Looking to Sunday: Preparing to Hear From God

by Elaine Poproski

This is the weekend of all weekends in the Christian calendar! I know Christmas gets all the hype, but everything about our faith rests on Good Friday and Easter. This is the weekend we remember the cost of God’s grace toward us. It’s the weekend we remember that not even death can stand in the way of God’s purposes.

Jesus’ story is the story of the world’s worst trades. A long time ago, a man named John Calvin wrote about Jesus’ unexpected trades when he wrote these words:
“This is the wondrous exchange made by His boundless goodness. Having become with us the Son of Man, He has made us with Himself sons [children] of God. By His own descent to the earth He has prepared our ascent to heaven. Having received our mortality, He has bestowed on us His immortality. Having undertaken our weakness, He has made us strong in His strength. Having submitted to our poverty, He has transferred to us His riches. Having taken upon Himself the burden of unrighteousness with which we were oppressed, He has clothed us with His righteousness.”[1]
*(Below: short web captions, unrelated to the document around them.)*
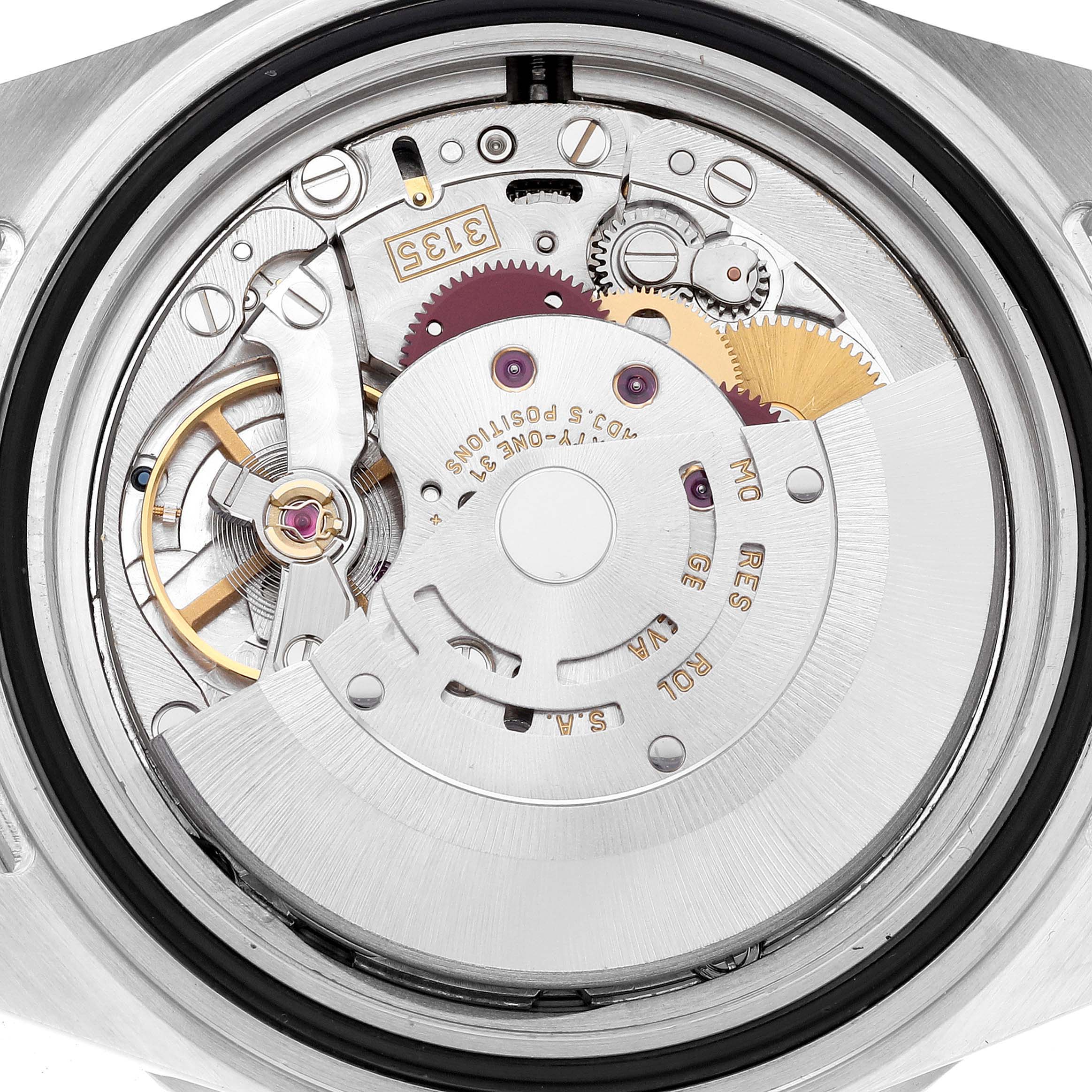 This image shows the exposed mechanical movement of a Rolex Submariner 16610 Men's Stainless Steel Black Dial 16610 Men's Stainless Steel Black Dial watch, taken from a rear angle.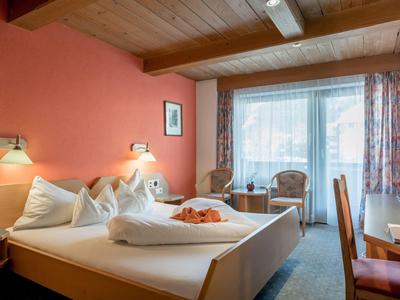 Gemütliches Schlafzimmer mit Doppelbett, Holzmöbeln, oranger Wand und Balkon mit Tageslicht.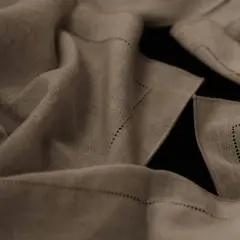 Draped linen fabric, perfect for breathable summer pants, features delicate dotted stitching along its edges.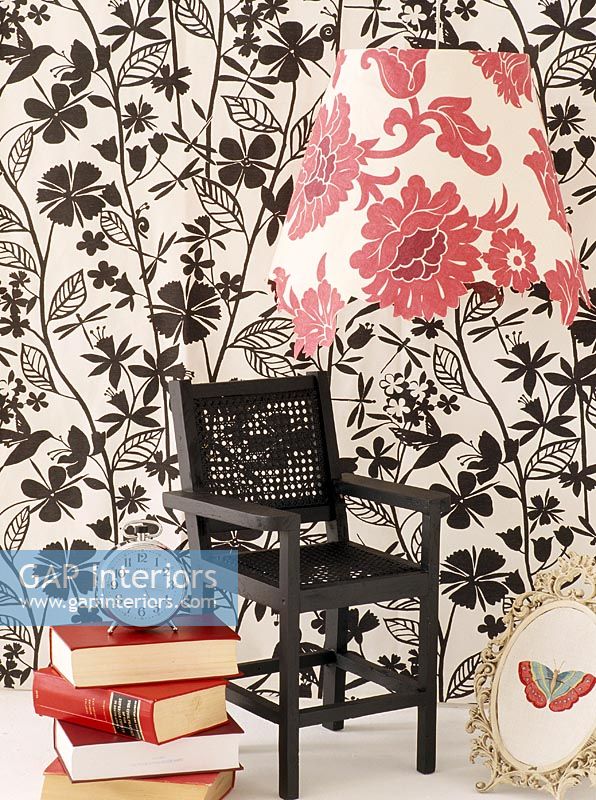 Small black chair in front of wallpapered wall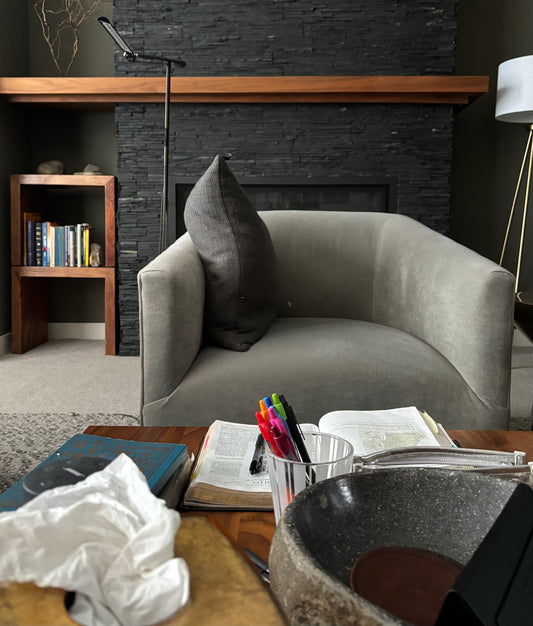 armchair in a living room next to coffee table with bible study items on it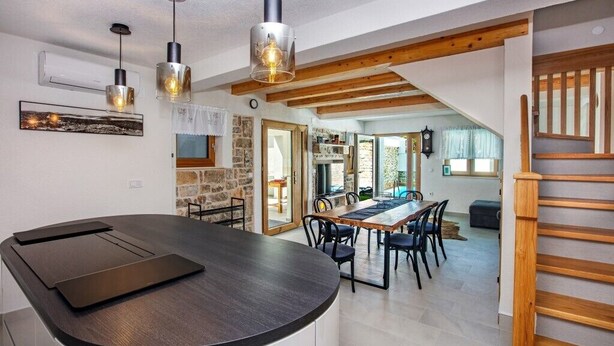 Een moderne keuken met een gebogen kookeiland, hanglampen en een eethoek met een houten tafel en stoelen.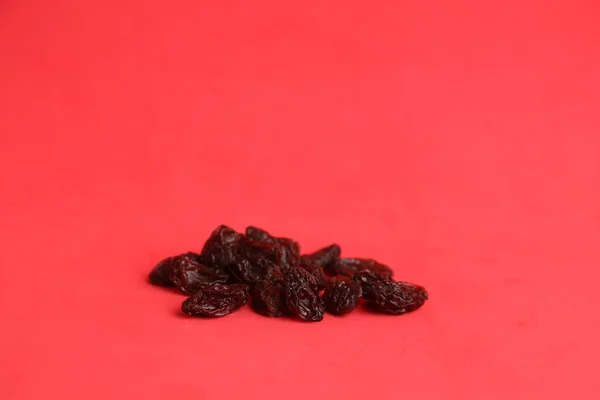Pila Algunas Ciruelas Secas Negras Aisladas Sobre Fondo Rojo — Foto de Stock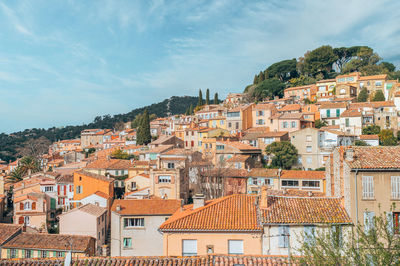 Houses in town against sky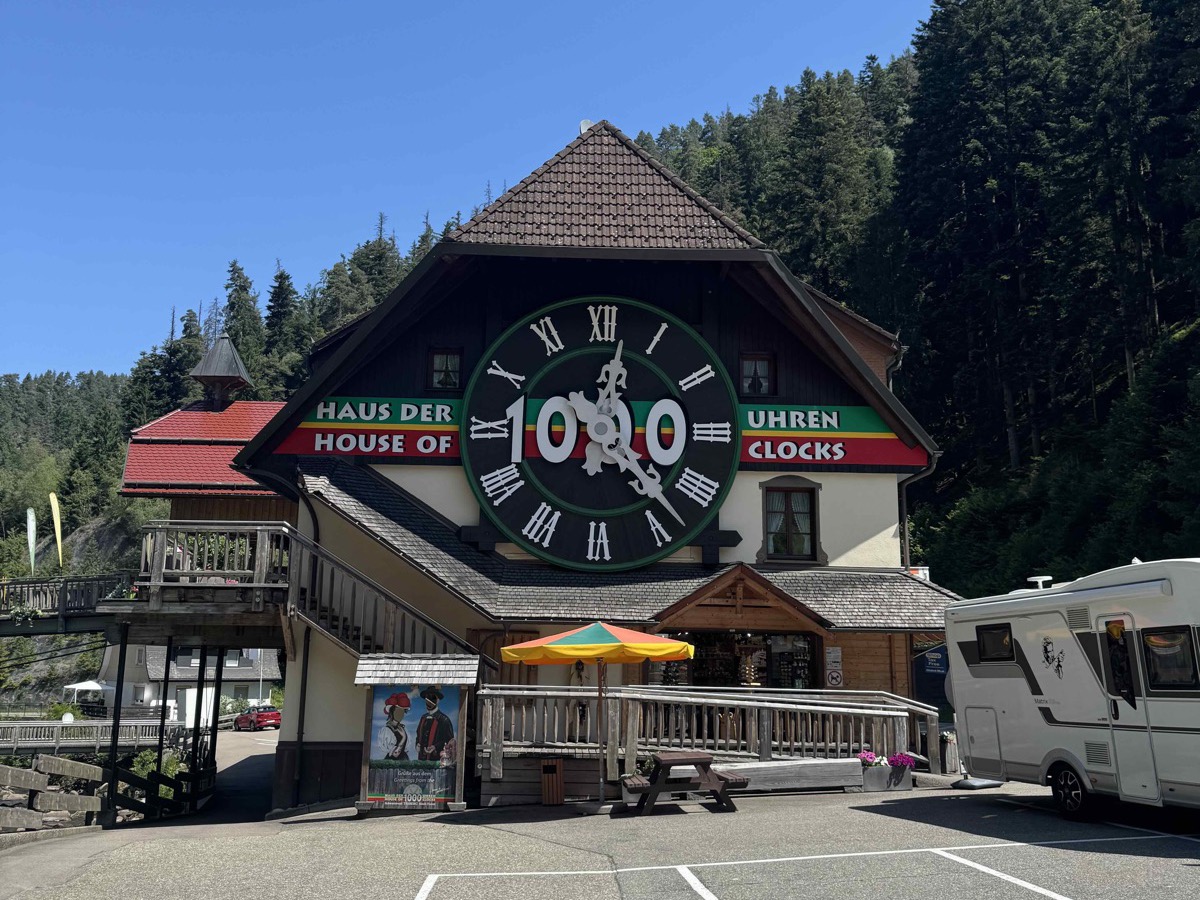 The 'Haus der 1000 Uhren / House of 1000 Clocks' in Triberg — a Black Forest chalet-style building with a giant green clock face mounted on the front and a tall pitched roof, a colourful umbrella over a picnic area in front, dark pine forest rising behind under a bright blue sky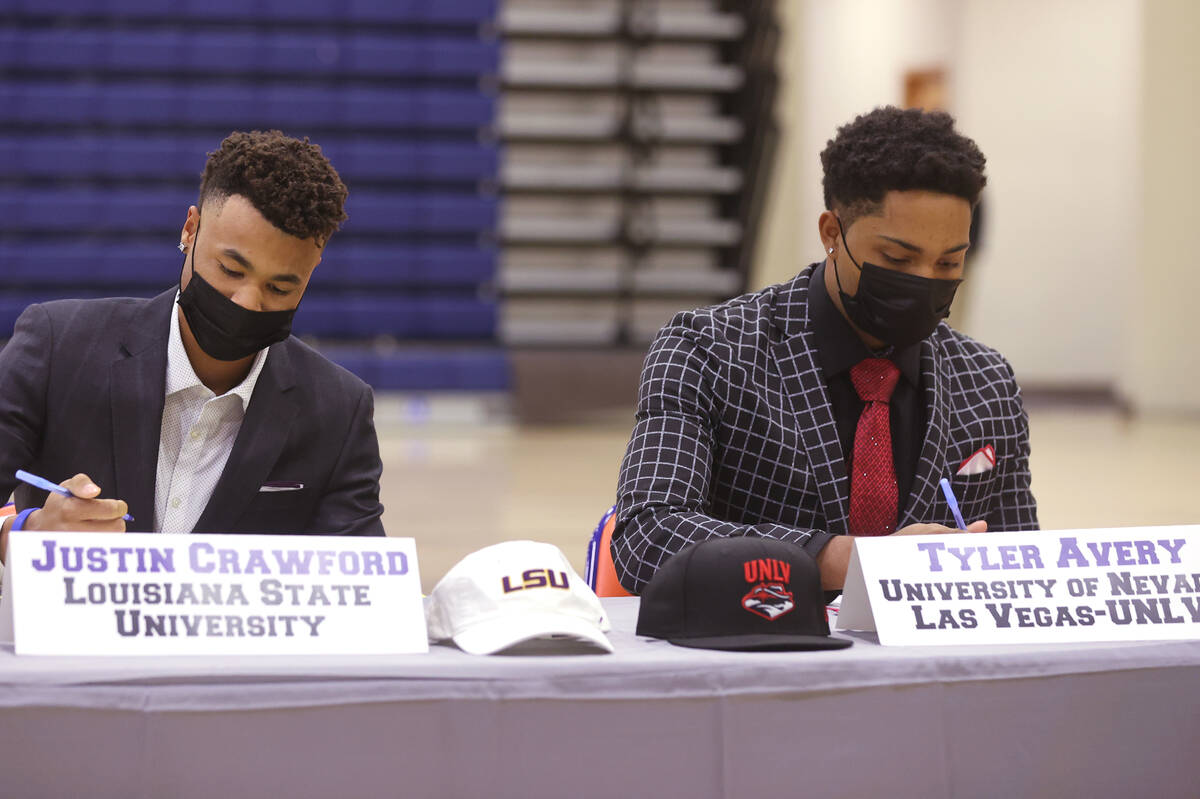 Justin Crawford, left, signs a national letter of intent to play baseball at LSU, while Tyler A ...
The Easter story is that of Jesus trading His life for ours; it’s that of Jesus suffering the consequence of our sin; it’s that of Jesus experiencing abandonment by God so that our relationship with God could be restored.

For many of you reading this article, the Easter story is familiar – perhaps over-familiar. The danger of such familiarity is that the story stops being powerful; it loses its weight; we can’t be bothered to actually read the story anymore and as a result we lose parts of the story. And so, as you prepare for a worship service on Good Friday and Easter Sunday [it is my profound hope that none of you will forego the ‘extra’ service this week, regardless of whether you’re available to be at Walmer’s services or not] I encourage you to read the Easter story from start to finish. I’ve been reading it in John 18 – 19 and can highly recommend that you choose that gospel. But it’s also in Matthew 26 – 27, Mark 14 – 15, and Luke 22 – 23. Read one of the accounts or read all of them. What nuances had you forgotten? What pieces of the story impacted you as you read it? What difference does this story make in the way you live your life?


[1] Institutes of Christian Religion (tr. Henry Beveridge [1845]; Grand Rapids:  Eerdmans, 1989), 4.14.2.